Dreambooth training [first look]

Yea I imagined a lot of people were thinking about horizontal scale and dynamic model download, thats great we are kind of all in the same page.
Maybe I can help out since I’m focused on this, I’m gonna do my own way to workaround this just to get things moving, but maybe we can colab, hit me on discord whenever you have the chance if you like.

Thanks again for all your work btw, I would not be here doing those things if it were not for your template

Hey… so in the interim I think you could get running pretty quickly… remove download.py COPY/RUN from Dockerfile, copy the S3/extract logic from there into app.py to download/extract the model if it hasn’t been used previously on that run, and remove the MODEL_MISMATCH check. That should be all you need (famous last words).

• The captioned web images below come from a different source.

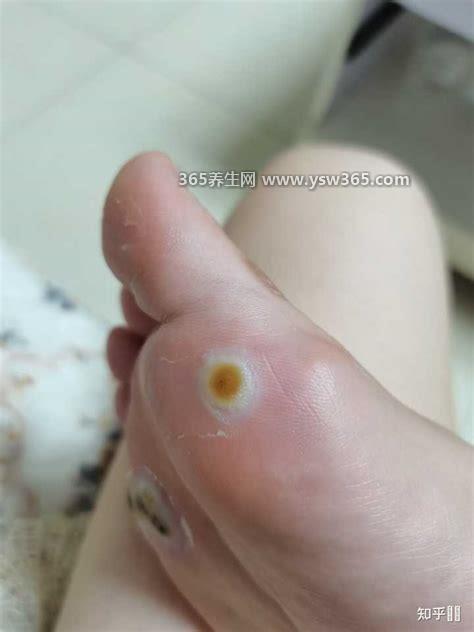 鸡眼是长什么样的图片,鸡眼形状椭圆形/圆形(淡黄色)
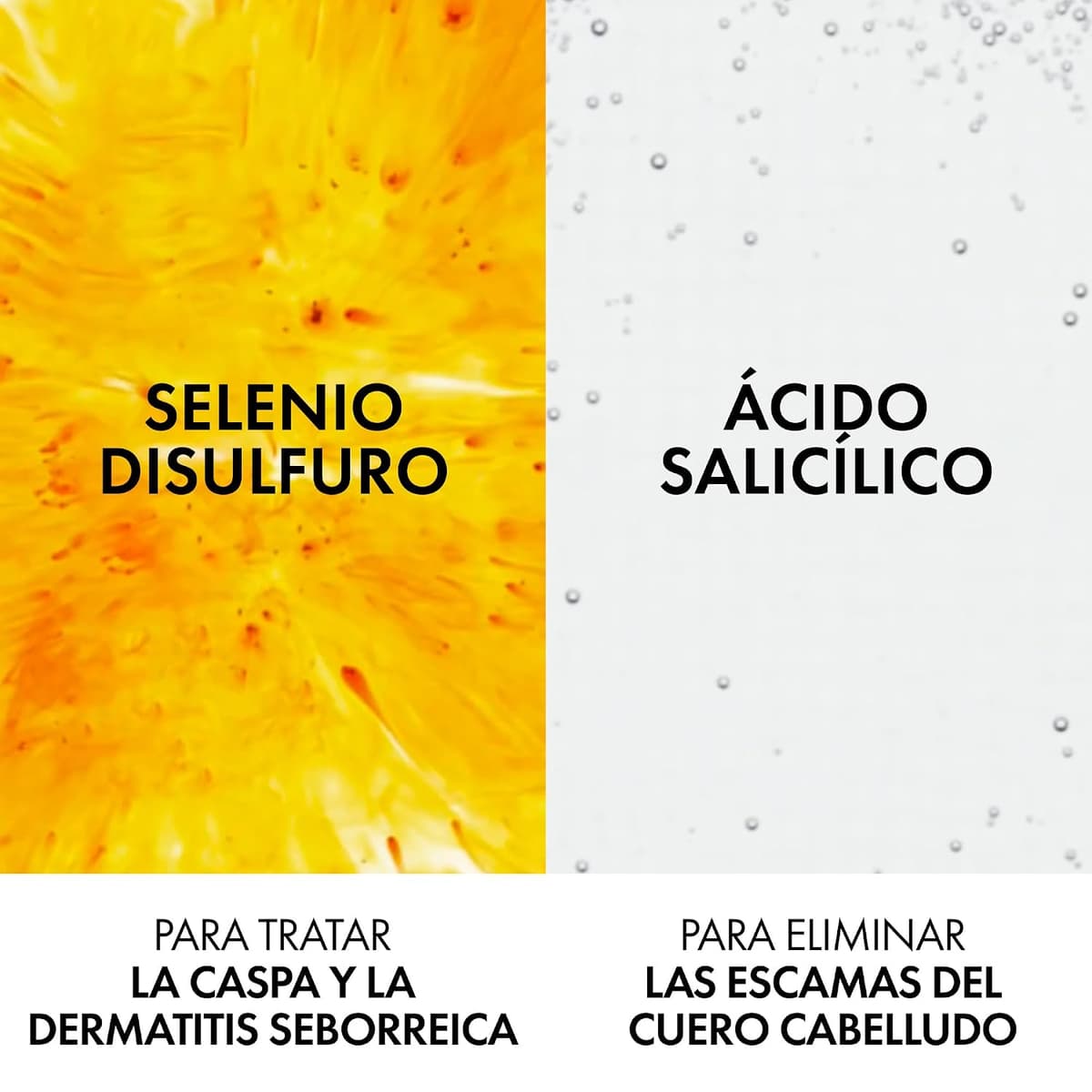 Vichy Champú Anticaspa, Cabellos Grasos, Elimina la Caspa y Reduce los Picores, Cuero Cabelludo Limpio y Sano, Doble Eficacia, Unisex, Dercos Technique, 390 ml — view 3
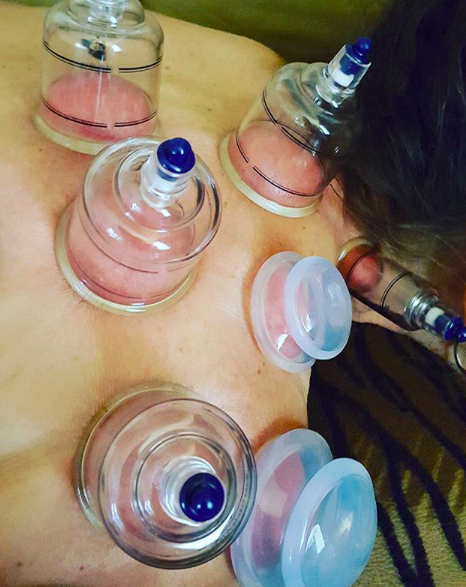cupping-therapy-5.png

I have a few other ideas in mind, not sure if they’ll work yet, looking forward to have the time to experiment with them. Once I do, it will actually be quite nice to compare that to anything else you’ve done, and use whatever works best. And for sure, as soon as I have time again, always keen to colaborate!

And my pleasure. Great to hear and know how it’s helping others! As you gathered, really love open source collaboration :smiley: So yeah, we’ll be in touch properly when things calm down a bit for me. Thanks so much, @grf :raised_hands:

Blockquote
Hey… so in the interim I think you could get running pretty quickly… remove download.py COPY/RUN from Dockerfile, copy the S3/extract logic from there into app.py to download/extract the model if it hasn’t been used previously on that run, and remove the MODEL_MISMATCH check. That should be all you need (famous last words).

Exactly what I’m working at right now, that really seems like the fastest way to get moving in that direction

Again, thanks to you my friend :slight_smile:
Good luck there with all the other work related stuff

1 Like

Hi! Now uploading / downloading trained_model through s3 works well.
But while training, It seems training time takes more than other colab examples.
For 140 steps it took 391 seconds, 1400 steps it took 2972 seconds with v100 with this repo.
But at this colab example it takes 23 minutes (1380 seconds) with t4

It seems fp16 is crucial for reducing training speed.
Also, trained model quality is quite different. At colab, it’s good, but with docker-diffusers-api, it looks bad. (Maybe not setting prior-preservation to True will be problem. I’m testing)
Basic models work great at this repo, too.
So for better speed, fp16 adoption might be needed, for better quality, Enable_text_encoder_training adoption might be needed.
And another suggestion, If we upload/download 10000+ trained_models through aws s3, egress fee will be huge. I am planning to use cloudflare R2, but not yet used it. How do you think of this idea?
Thank you!

1 Like

Hey, well done on getting everything working!! Great news!! And this is really great info & feedback, thanks.

Have been working with the diffusers team to get this working, we’re almost there. Once it’s done, we’ll need to compare with exactly the same inputs. LastBen’s repo is a super optimized version of the original Stable Diffusion code, whereas docker-diffusers-api wraps the diffusers library. Diffusers tends to be a little behind on performance but does usually catch up eventually with a lot of other benefits. Still, if a T4 is outperforming an A100, that’s very worrying… but let’s compare first with exactly the same inputs (fp16 and others).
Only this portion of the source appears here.